# Website A/B Testing - Lab

## Introduction

In this lab, you'll get another chance to practice your skills at conducting a full A/B test analysis. It will also be a chance to practice your data exploration and processing skills! The scenario you'll be investigating is data collected from the homepage of a music app page for audacity.

## Objectives

You will be able to:
* Analyze the data from a website A/B test to draw relevant conclusions
* Explore and analyze web action data

## Exploratory Analysis

Start by loading in the dataset stored in the file 'homepage_actions.csv'. Then conduct an exploratory analysis to get familiar with the data.

> Hints:
    * Start investigating the id column:
        * How many viewers also clicked?
        * Are there any anomalies with the data; did anyone click who didn't view?
        * Is there any overlap between the control and experiment groups? 
            * If so, how do you plan to account for this in your experimental design?

In [1]:
import pandas as pd

# Load the dataset
data = pd.read_csv('homepage_actions.csv')

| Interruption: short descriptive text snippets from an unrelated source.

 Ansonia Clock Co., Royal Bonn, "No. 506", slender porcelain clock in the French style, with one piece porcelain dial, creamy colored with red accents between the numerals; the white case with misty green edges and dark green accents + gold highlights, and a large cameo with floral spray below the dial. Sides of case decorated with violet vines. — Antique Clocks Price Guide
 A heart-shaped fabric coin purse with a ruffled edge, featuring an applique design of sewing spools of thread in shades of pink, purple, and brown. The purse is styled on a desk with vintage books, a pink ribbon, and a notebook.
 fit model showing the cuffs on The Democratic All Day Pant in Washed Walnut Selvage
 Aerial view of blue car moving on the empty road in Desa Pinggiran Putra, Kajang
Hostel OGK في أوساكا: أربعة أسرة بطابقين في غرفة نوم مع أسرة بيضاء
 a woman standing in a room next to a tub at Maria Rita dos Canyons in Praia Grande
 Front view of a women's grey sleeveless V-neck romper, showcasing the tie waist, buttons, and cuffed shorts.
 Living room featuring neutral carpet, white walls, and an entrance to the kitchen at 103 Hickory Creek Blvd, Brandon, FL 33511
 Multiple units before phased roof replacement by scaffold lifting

# Display the first few rows of the dataset
data.head()

Unnamed: 0,timestamp,id,group,action
0,2016-09-24 17:42:27.839496,804196,experiment,view
1,2016-09-24 19:19:03.542569,434745,experiment,view
2,2016-09-24 19:36:00.944135,507599,experiment,view
3,2016-09-24 19:59:02.646620,671993,control,view
4,2016-09-24 20:26:14.466886,536734,experiment,view


In [2]:
# 1. Determine the number of unique users who viewed and clicked
viewed_users = set(data[data['action'] == 'view']['id'].unique())
clicked_users = set(data[data['action'] == 'click']['id'].unique())

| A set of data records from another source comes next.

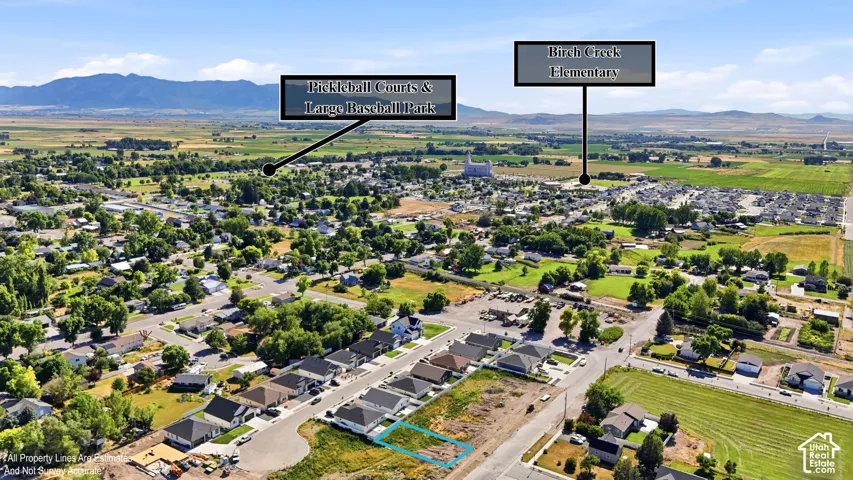 Aerial overview of a residential development with surrounding green spaces and distant mountains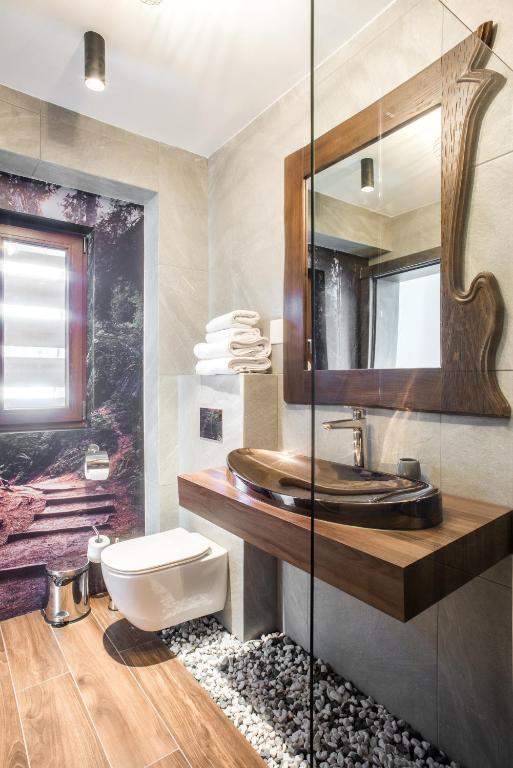 un bagno con lavandino e specchio di Sidharta Resort a Obârşia Lotrului
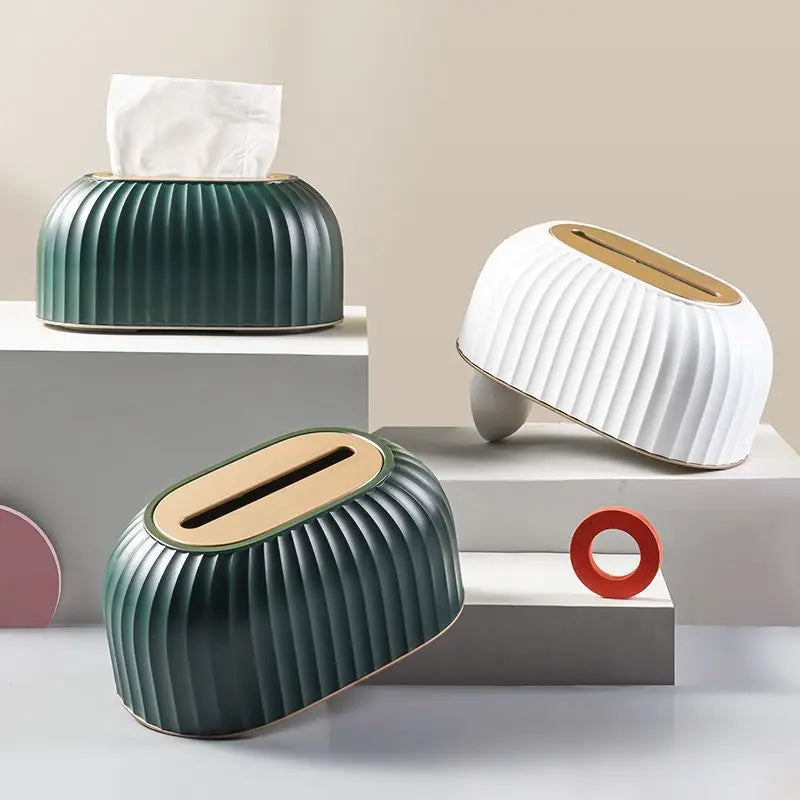Three modern tissue holders in green, white, and beige on a neutral background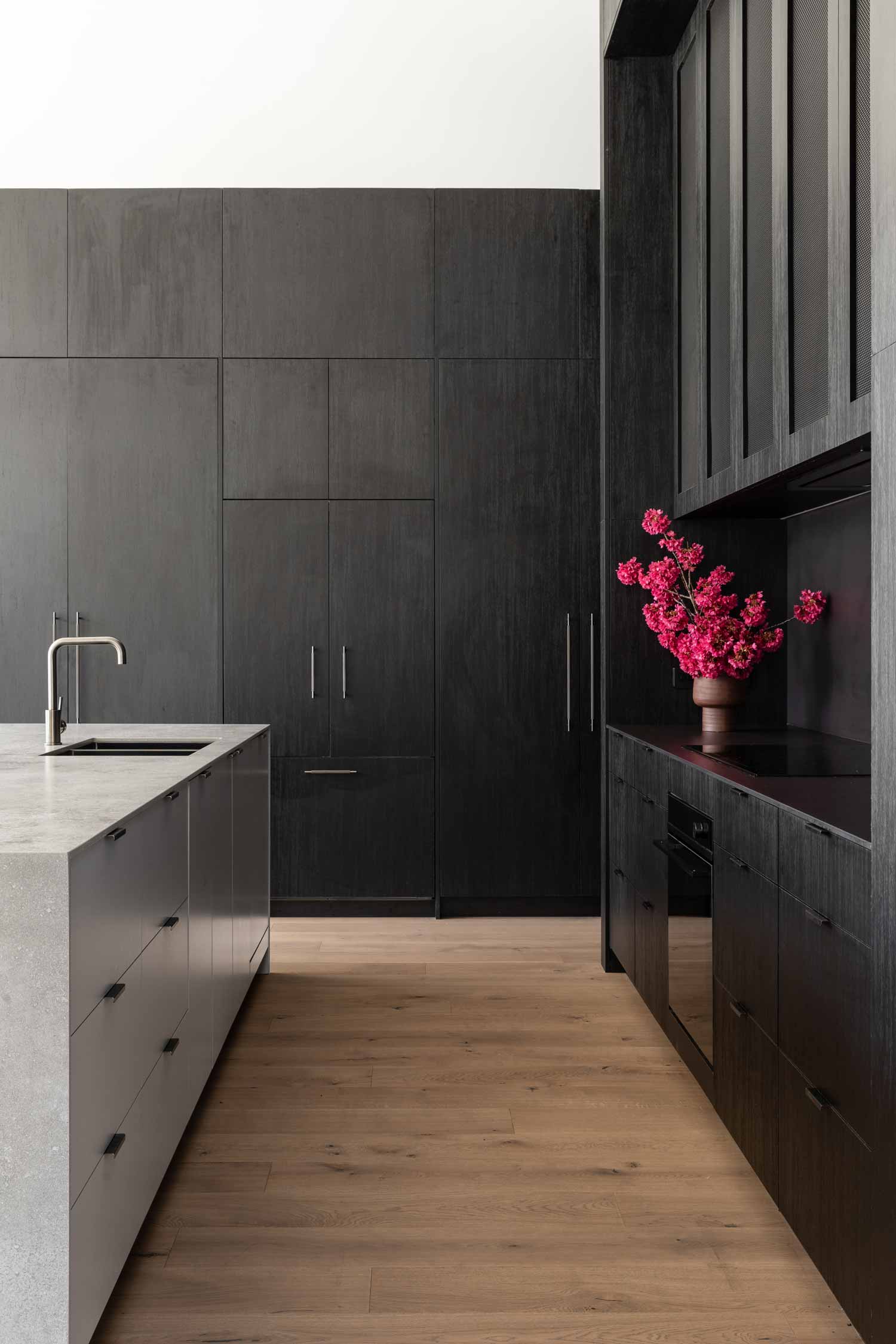 Modern-industrial-interior-design-in-a-contemporary-dark-kitchen-with-black-cabintery-and-gun-metal-taps-pop-of-pink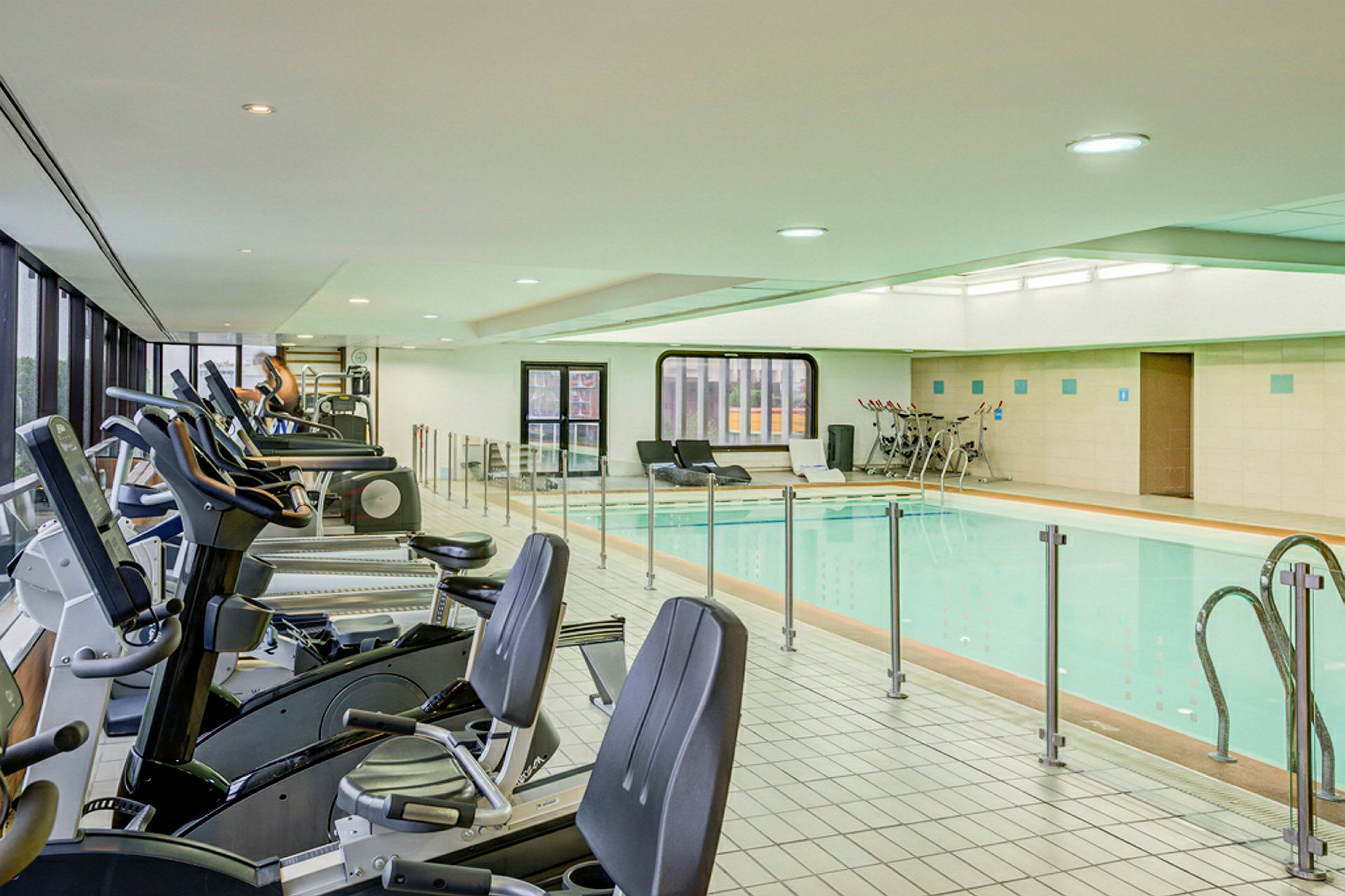 Ett gym med träningsmaskiner samt en bred simbassäng i en ljus inomhusmiljö. (AI-genererad text)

# 2. Identify anomalies: users who clicked without viewing
click_without_view = clicked_users - viewed_users

# 3. Check for overlap between the control and experimental groups
control_users = set(data[data['group'] == 'control']['id'].unique())
experiment_users = set(data[data['group'] == 'experiment']['id'].unique())
overlap_users = control_users.intersection(experiment_users)

len(viewed_users), len(clicked_users), len(click_without_view), len(overlap_users)

(6328, 1860, 0, 0)

The dataset contains four columns:

1. `timestamp`: The time at which the action was taken.
2. `id`: The unique identifier for each user.
3. `group`: Specifies whether the user was part of the control group or the experimental group.
4. `action`: Indicates whether the user viewed the page or clicked on it.

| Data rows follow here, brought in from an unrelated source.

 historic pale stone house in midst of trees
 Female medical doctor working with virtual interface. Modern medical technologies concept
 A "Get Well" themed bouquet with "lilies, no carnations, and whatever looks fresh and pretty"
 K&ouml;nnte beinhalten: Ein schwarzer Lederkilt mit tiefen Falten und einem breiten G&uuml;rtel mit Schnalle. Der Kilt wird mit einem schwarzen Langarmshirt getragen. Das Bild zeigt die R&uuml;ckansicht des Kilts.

To address the questions posed:

1. We'll first determine how many unique users viewed the page and how many clicked on it.
2. We'll then identify if there are any anomalies, such as users who clicked without viewing.
3. We'll check for any overlap between the control and experimental groups.
4. If overlaps are found, we'll discuss how to account for this in our analysis.

Here are the findings:

1. **Number of unique users who viewed the page:** 6,328
2. **Number of unique users who clicked on the page:** 1,860
3. **Anomalies (users who clicked without viewing):** None. This means all users who clicked had previously viewed the page.
4. **Overlap between the control and experimental groups:** None. This means no user was mistakenly categorized in both groups.

Given these results, there is no overlap between the control and experimental groups, so we don't need to make adjustments for this in our analysis.

## Conduct a Statistical Test

Conduct a statistical test to determine whether the experimental homepage was more effective than that of the control group.

In [3]:
from statsmodels.stats.proportion import proportions_ztest

# 1. Compute the number of successes (clicks) and trials (views) for both groups
successes_control = len(data[(data['group'] == 'control') & (data['action'] == 'click')])
successes_experiment = len(data[(data['group'] == 'experiment') & (data['action'] == 'click')])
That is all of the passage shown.